Pues bien, en ninguno de los tres casos se dice el nombre pero nosotros estamos más que seguros que el P. Salaverri debió escribir sobre Faustino Pérez Manglano, ahora Venerable de la Iglesia Católica (desde el 14 de enero de 2011 al aprobar Benedicto XVI las virtudes heroicas del muchacho), que falleció a los 16 años y que, como se nos dice en “Sinaí”, se tratabaDe un alma tan extraordinaria que unía lo cotidiano a lo sobrenatural, lo humano a lo divino, con naturalidad y recias pinceladas de carácter.
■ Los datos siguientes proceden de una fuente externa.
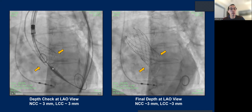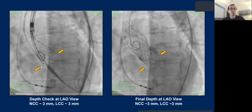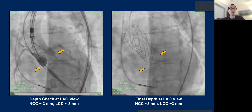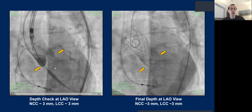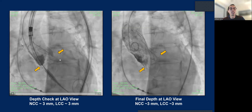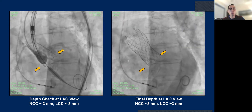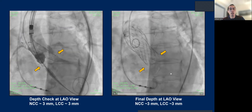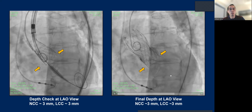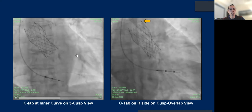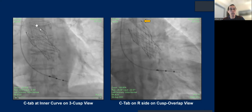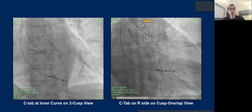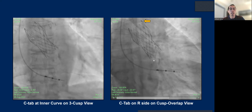On the LAO view, when you swing over to check the left cusp, all you need to do is line up the three dots and the parallax is removed. You can see a very satisfactory implant depth on both the non and left cusp. When you release it, the depth is pretty much the same as you expect at 80% deployment. The free cusp view shows the CTAP at the inner curve of the ascending aorta, suggesting good commissure alignment. On the cusp-overlap view, the CTAP faces the right side of the screen, again confirming commissure alignment.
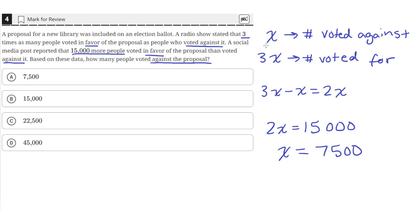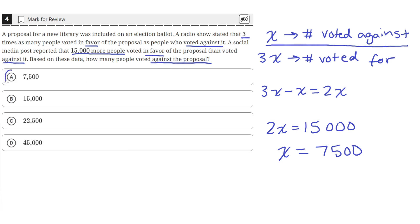And we, up here, made X equal to the number of people who voted against. So the question asks us for the number of people who voted against, which is just the value of X. So 7,500 is the answer, which is answer choice A.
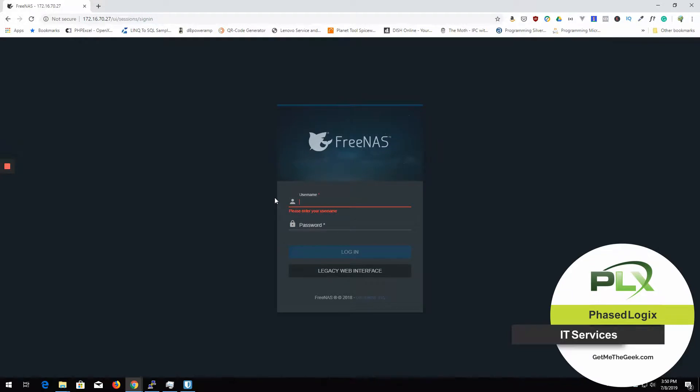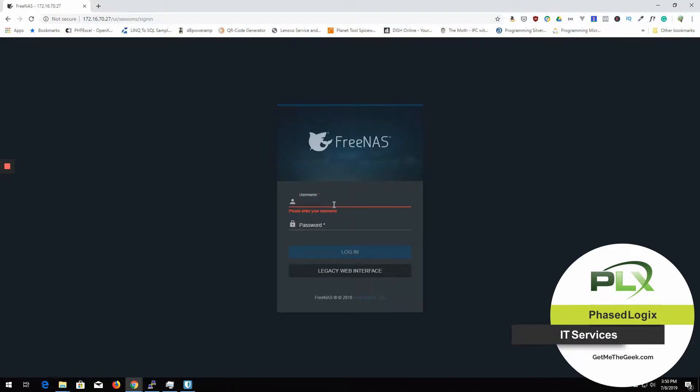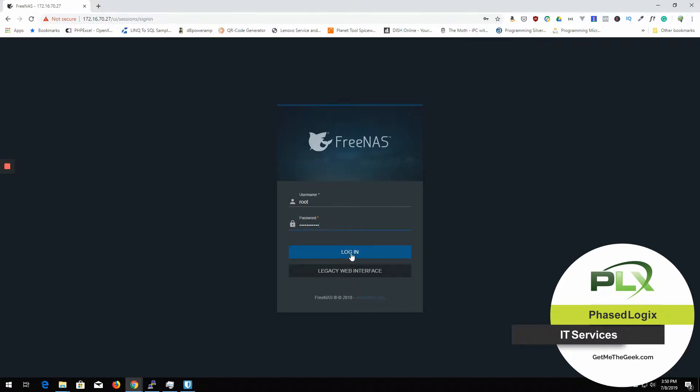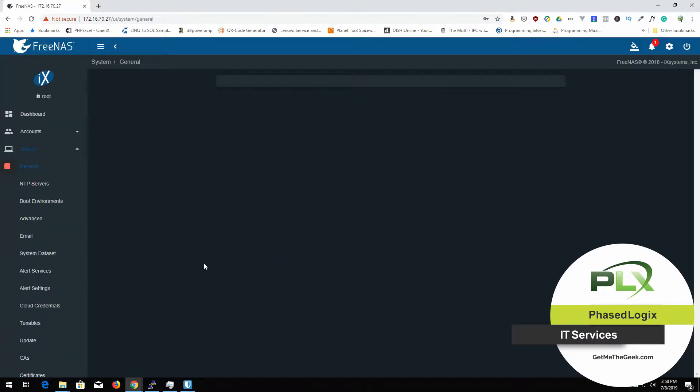All right. Here is my FreeNAS. I'm going to log in. And boom.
Así, en el reverso de un texto del Trapense Fray Rafael María Arnáiz -ahora San Rafael Arnáiz y otro gran fiel sufriente-, que siempre tenía a mano, figuraba… un proyecto suyo de selección nacional de fútbol”. Y eso sin decir que era muy aficionado al Valencia CF, lo cual lo honraba sobremanera, según nuestro modesto saber y entender.

Por cierto, en el apartado “Punto, Raya, Punto” que viene a ser como un cajón donde entra todo lo positivo que se pueda llevar uno al corazón, se recoge esto:

“Un laboratorio de Barcelona ha descubierto un nuevo hemostático que ahorra un 80 por 100 de sangre no extravasada y disminuye en un 60 por 100 el tiempo de sangría”.

Y estamos más que seguros que a Lolo, con todas las extracciones de sangre que tuvo que soportar, le pareció la mar de bien que las ciencias avanzaran que es una barbaridad, como dice la zarzuela… ¡Un 60% menos de tiempo!